Eğer 2010’ların borç krizi dönemindeki gibi Avrupa Birliği’nin dağılabileceği yönünde spekülasyonlar piyasada karşılık bulursa, o zaman euro için parite tehdidi ciddileşir. Ancak euro, hisseli bir para birimi – arkasında Alman Markı ve Fransız Frangı gibi güçlü bir geçmiş var. Eğer euro gerçekten çökecekse, önce parite altına iner, ama ardından Alman Markı’nın içsel değeri nedeniyle tekrar toparlanmaya başlar.
ECB ve Fed: Sonraki hamleler ne olacak?
ECB’nin r* seviyesine yaklaşması, artık seri faiz indirimlerinin sonuna az kaldığını gösteriyor. Mart ayındaki 25 baz puanlık ek bir indirimin ardından ECB’nin karar metninden ‘kısıtlayıcı’ ifadesini çıkarması bekleniyor. Eğer bu gerçekleşirse, faiz farkı artık euro aleyhine çalışmayacak demektir.
Buna karşın Fed’in r*’dan uzak konumu, önümüzdeki dönemde Fed’in faiz indirimlerini sürdürmesiyle euro lehine çalışacaktır. Eğer Fed, faiz indirimlerini tamamlar ya da tekrar faiz arttırırsa ve ECB negatif faiz dönemindekine benzer bir sürece girerse o zaman Euro’nun parite altına inmesi kaçınılmaz hale gelir.
Euro’nun hak ettiği değer nedir?
Piyasa modellerine göre euronun adil değeri (fair value) 1,15 ila 1,20 arasında hesaplanıyor. Yani, mevcut seviyelerde euro zaten baskılanmış durumda. Eğer ECB tarafında ciddi bir hata yapılmazsa, parite tehdidi spekülatif bir korku unsuru olarak kalabilir. Ancak Lagarde’ın basın toplantısında atıfta bulunduğu gibi Draghi’nin belirttiği yapısal reformları Avrupa Birliği hayata geçiremezse, bu tehdit er ya da geç gerçeğe dönüşebilir.

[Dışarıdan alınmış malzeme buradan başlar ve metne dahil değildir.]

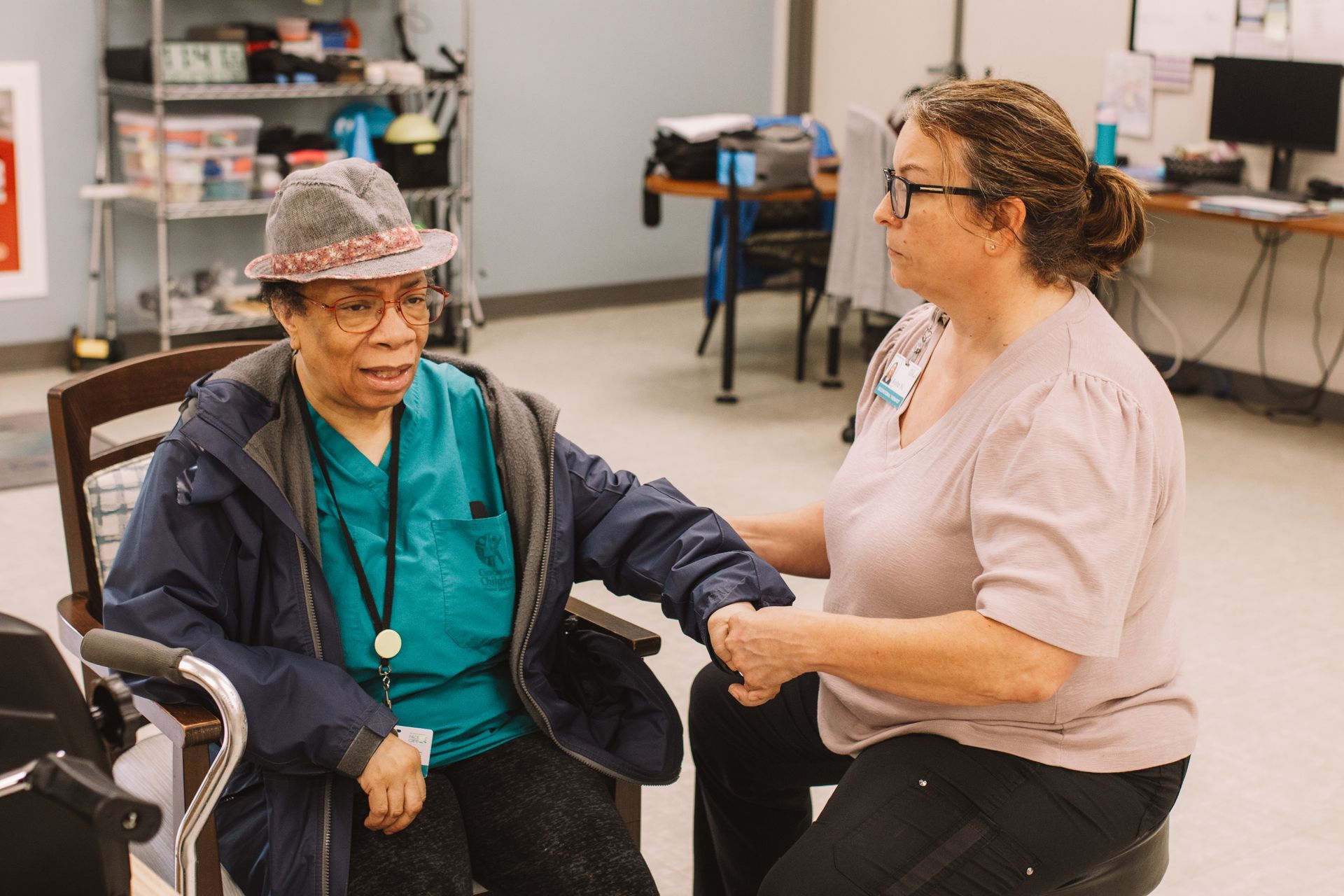 PACE team member assists a participant with physical therapy exercises.
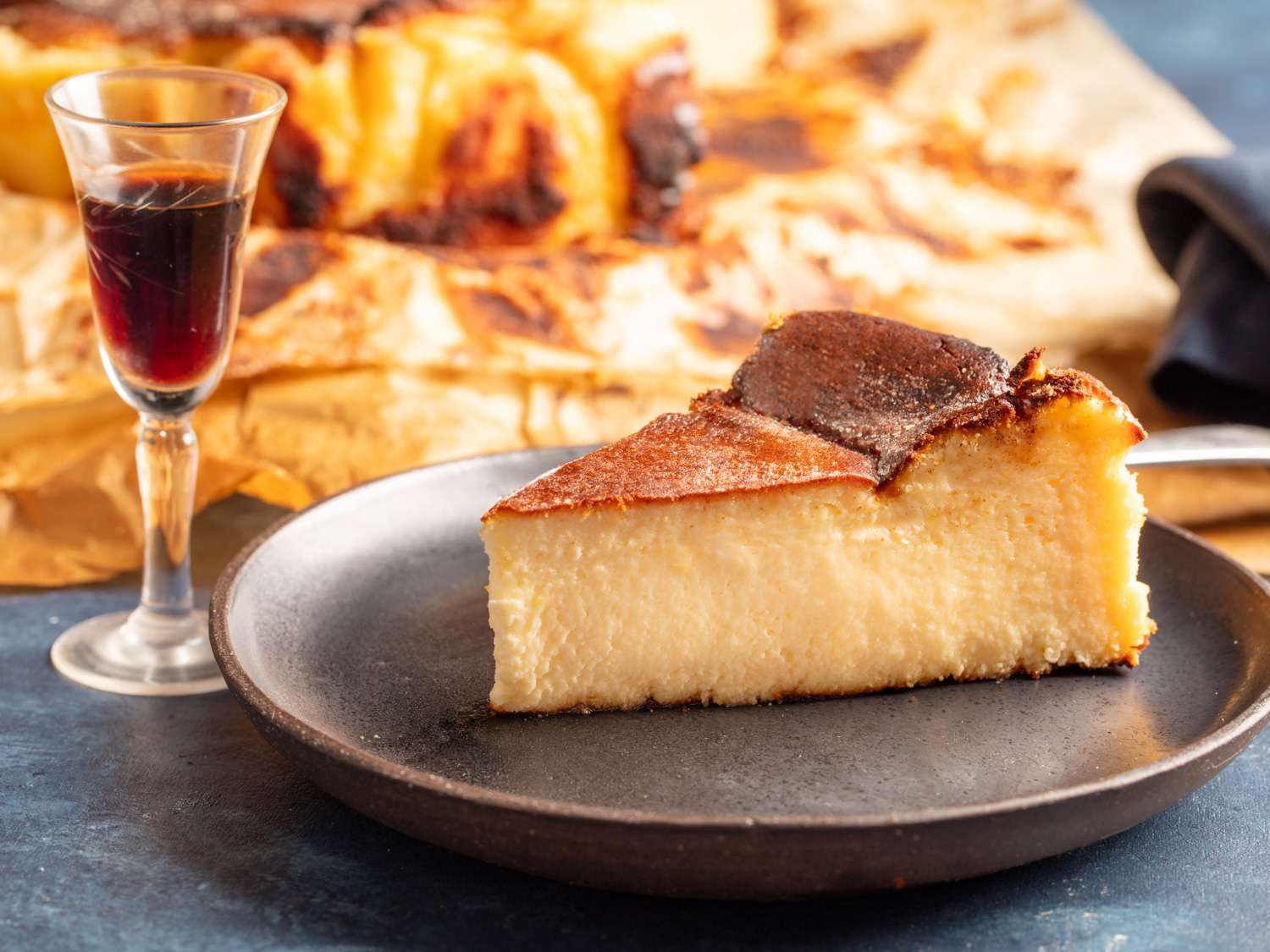 A slice of Basque cheesecake resting on a plate with a glass of port off to the side.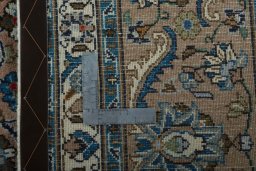 Backside of handmade 2000s Kashmar rug showing knot structure and weave density
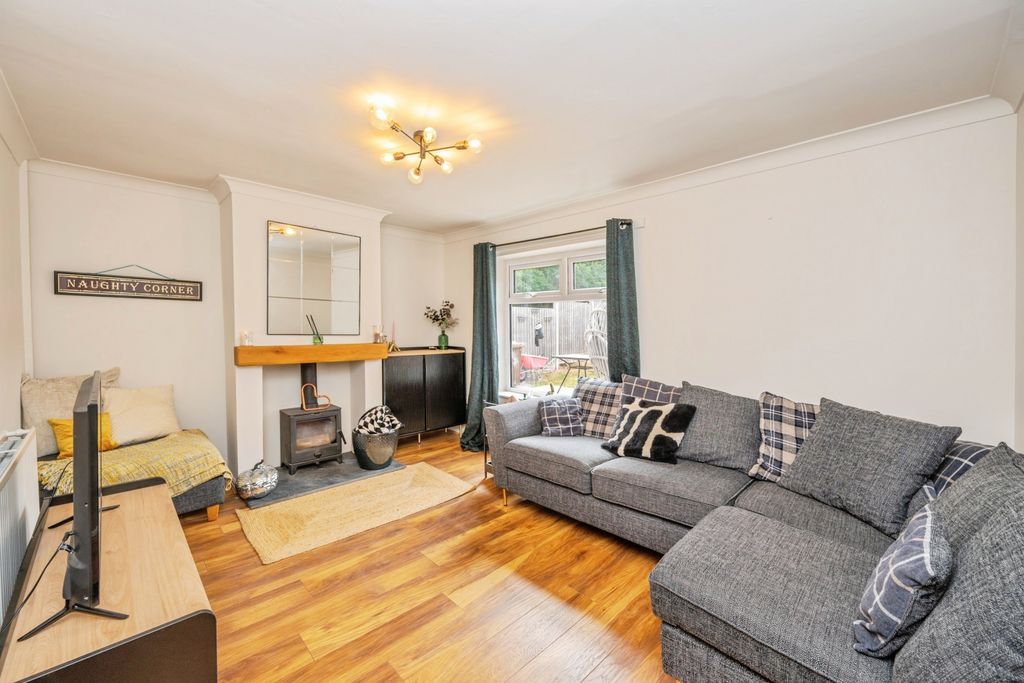 Property photo 3 of 20 Lounge With Feature Log Burner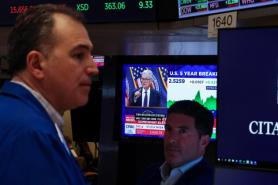 Wall Street Ends Mixed After Fed Holds Rates; S&P 500 Briefly Tops 7,000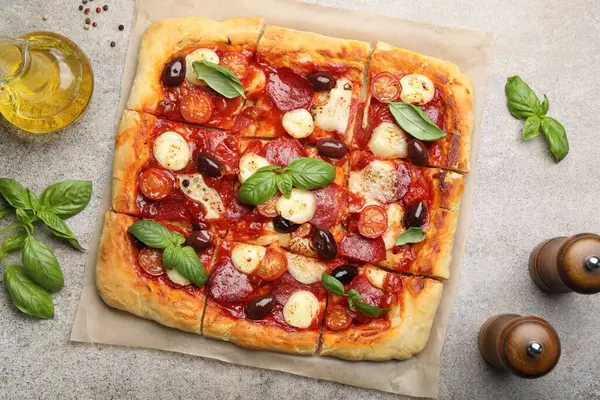 Gri arka planda ev yapımı lezzetli pizza ve baharatlar.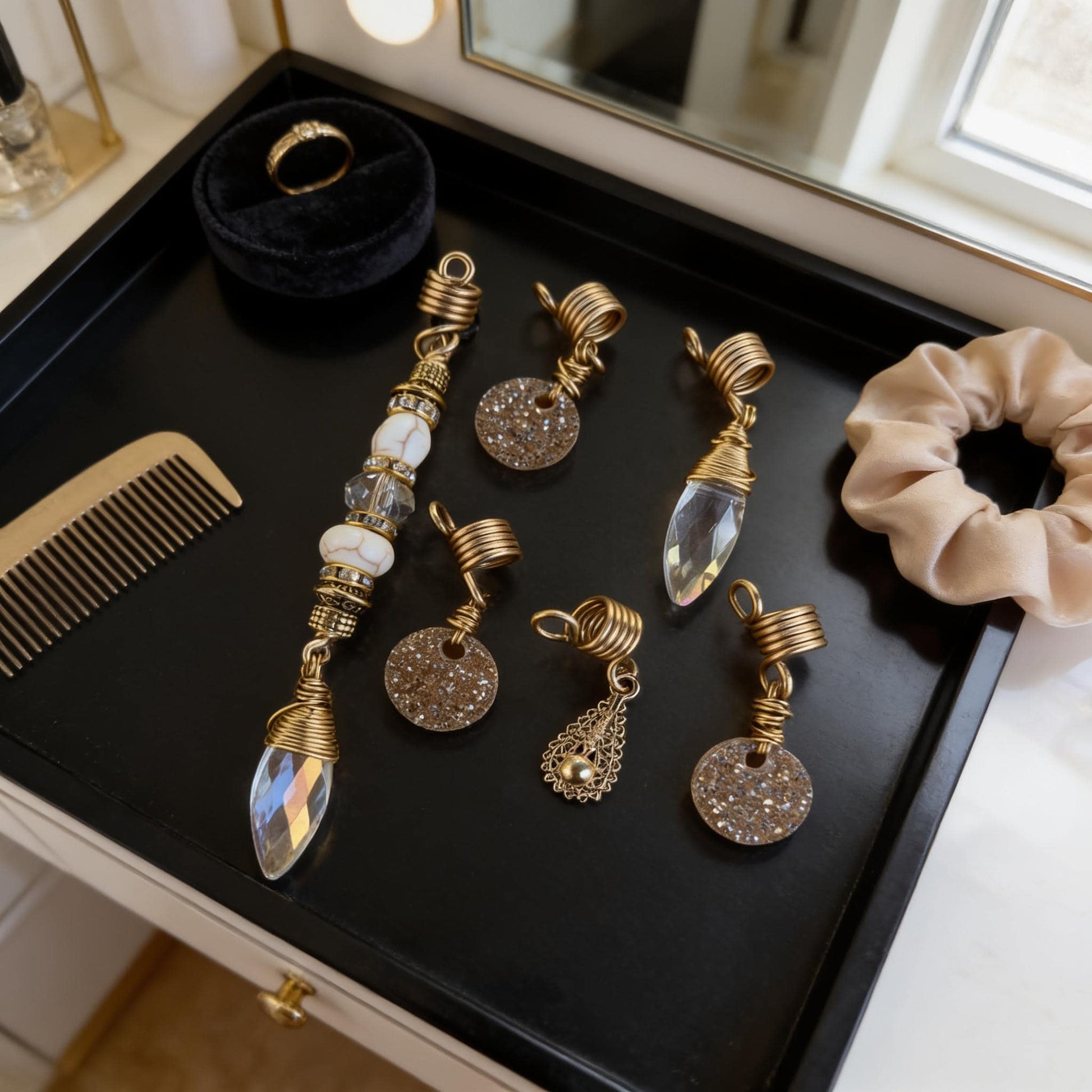 A collection of ornate jewelry and accessories, including a ring, earrings, and a hair tie, displayed on a black tray.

Jay-Z’nin tavsiyesi ve Draghi’nin mesajı
Jay-Z’nin şarkısı bir delikanlıya tavsiye niteliğindedir: "Eğer kızlarla problemin varsa, senin için üzgünüm… Ama benim 99 problemim var."
Euro için de benzer bir durum geçerli. Şimdilik paritenin hemen üzerinde ama Avrupa’nın çok daha büyük problemleri var. Tıpkı Jay-Z gibi Draghi’nin de Avrupa’ya bazı tavsiyeleri var. Ve üstelik evet, “Euro şu an 1 bile değil”!